The Network of Men Leaders is an initiative of UNiTE to End Violence against Women, a campaign the secretary-general launched last year that fights violence against women and girls in all parts of the world. UNiTE brings together a host of U.N. agencies and offices to galvanise action across the U.N. system.
"Violence against women and girls remains the least acknowledged and recognised gender issue by Arab states and their policymakers," Ghida Anani, programme coordinator for the group KAFA, said at the launch.
KAFA, which means "enough", is a Lebanese non-profit organisation seeking to mitigate the causes and results of violence and exploitation of women and children.
"We believe that men are part of the problem, but also part of the solution," Anani said.

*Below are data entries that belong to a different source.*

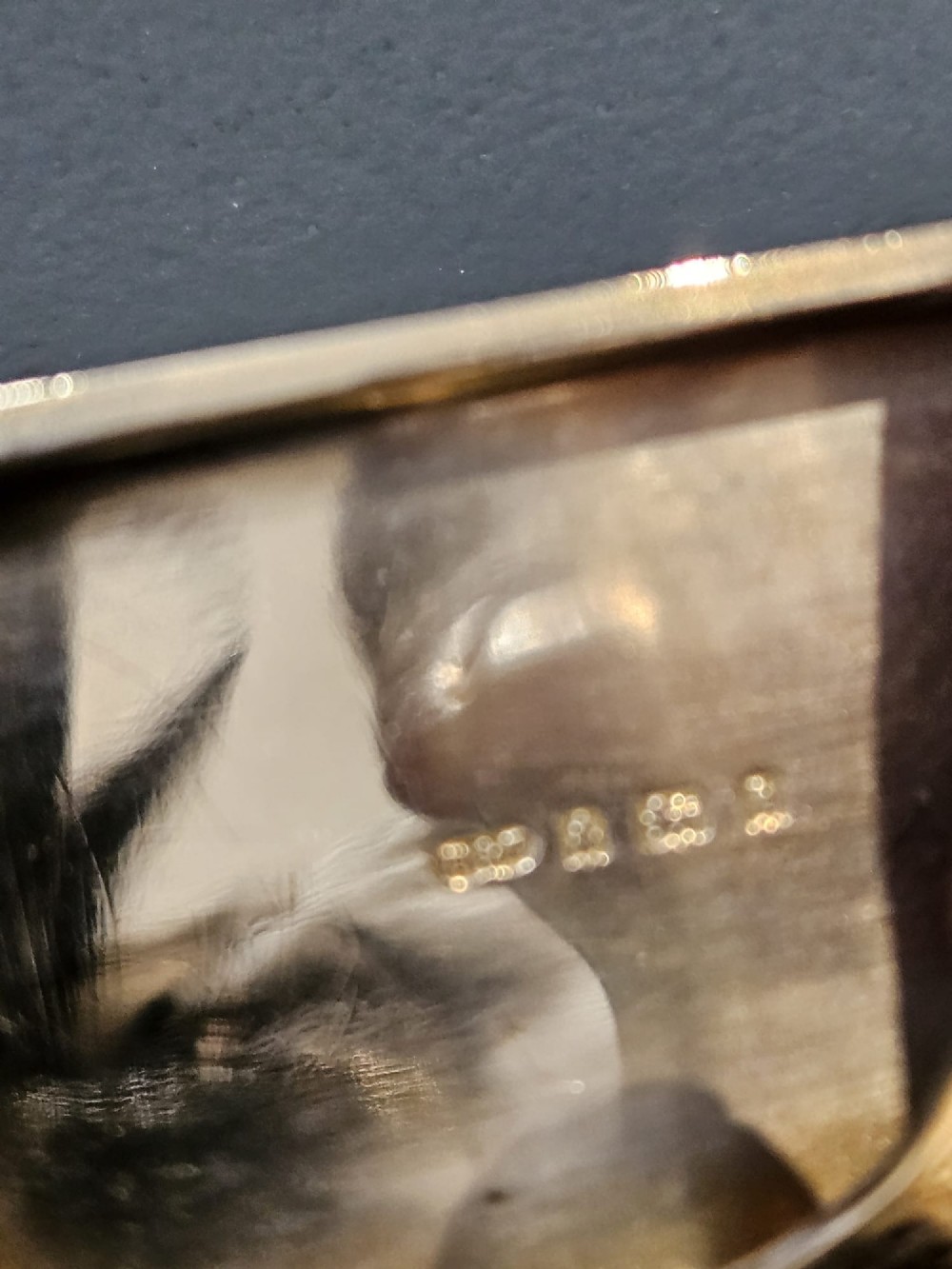 A rectangular polished sterling silver double sovereign and banknote case featuring a top suspension ring and side push-button catch. View II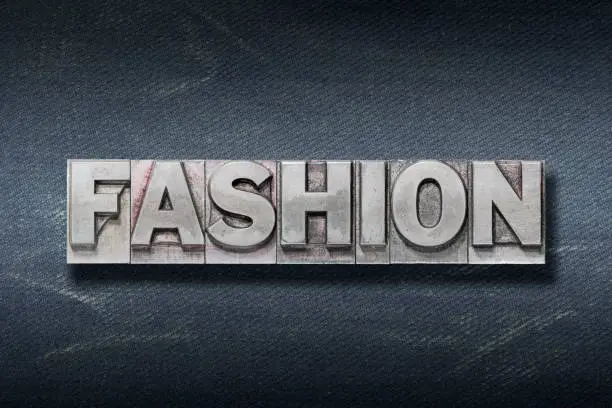 fashion word made from metallic letterpress on dark jeans background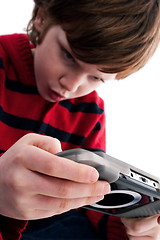 Image showing Young boy playing handheld game console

Anani has been fighting violence against women and girls for eight years in the Middle East, where many women silently suffer from violence that is often legal.
"Engaging men and boys to commit themselves to ending such violence is crucial and long overdue," said Princess Bajrakitiyabha Mahidol of Thailand, who also attended the conference.
Mahidol is a Goodwill Ambassador for the U.N. Development Fund for Women (UNIFEM) and was involved with UNIFEM's global "Say No To Violence Against Women" campaign in Thailand last year.
"While there may be one-size-fits-all solutions, I strongly believe that prevention can be as effective as the cure, if not better," Mahidol said.
Members of the Secretary-General's Network of Men Leaders include José Luis Rodrígues Zapatero, prime minister of Spain; Archbishop Desmond Tutu, winner of the Nobel Peace Prize; Paulo Coelho, author of the acclaimed novel, "The Alchemist"; and Ricardo Lago, former president of Chile.
Ban also announced that new grants for projects on the ground are to be awarded this year by the U.N. Trust Fund in Support of Actions to Eliminate Violence against Women, and managed by UNIFEM, amounting to 10.5 million dollars for 13 initiatives in 18 countries and territories.
By 2015, the UNiTE campaign aims to have achieved five goals worldwide: adopt and enforce national laws to address and punish all forms of violence against women and girls; adopt and implement multi-sectoral national action plans; strengthen data collection on the prevalence of violence against women and girls; increase public awareness and social mobilization; and address sexual violence in conflict.
"We must act together. We must build on the efforts of so many women and women's organizations who have worked tirelessly to address this epidemic. We must continue to widen the circle of engagement," Ban said.
Members of the Network will work to raise public awareness, advocate for adequate laws, and meet with young men and boys, the secretary-general said.
"Break the silence. When you witness violence against women and girls, do not sit back. Act. Advocate. Unite to change the practices and attitudes that incite, perpetrate and condone this violence," he stressed.
Women who experience violence suffer a range of health problems and their ability to participate in public life is diminished. Violence against women is not confined to a specific culture, region or country, or to particular groups of women within a society, UNiTE stressed.
Women aged 15-44 are more at risk from rape and domestic violence than from cancer, car accidents, war and malaria, according to World Bank data.
Several global surveys suggest that 50 percent of all women who die from homicide are killed by their current or former husbands or partners.
"Let this be the new environment where men and women leaders work side by side to replace the mindset of masculinity with one of gender sensitivity," Mahidol concluded her speech.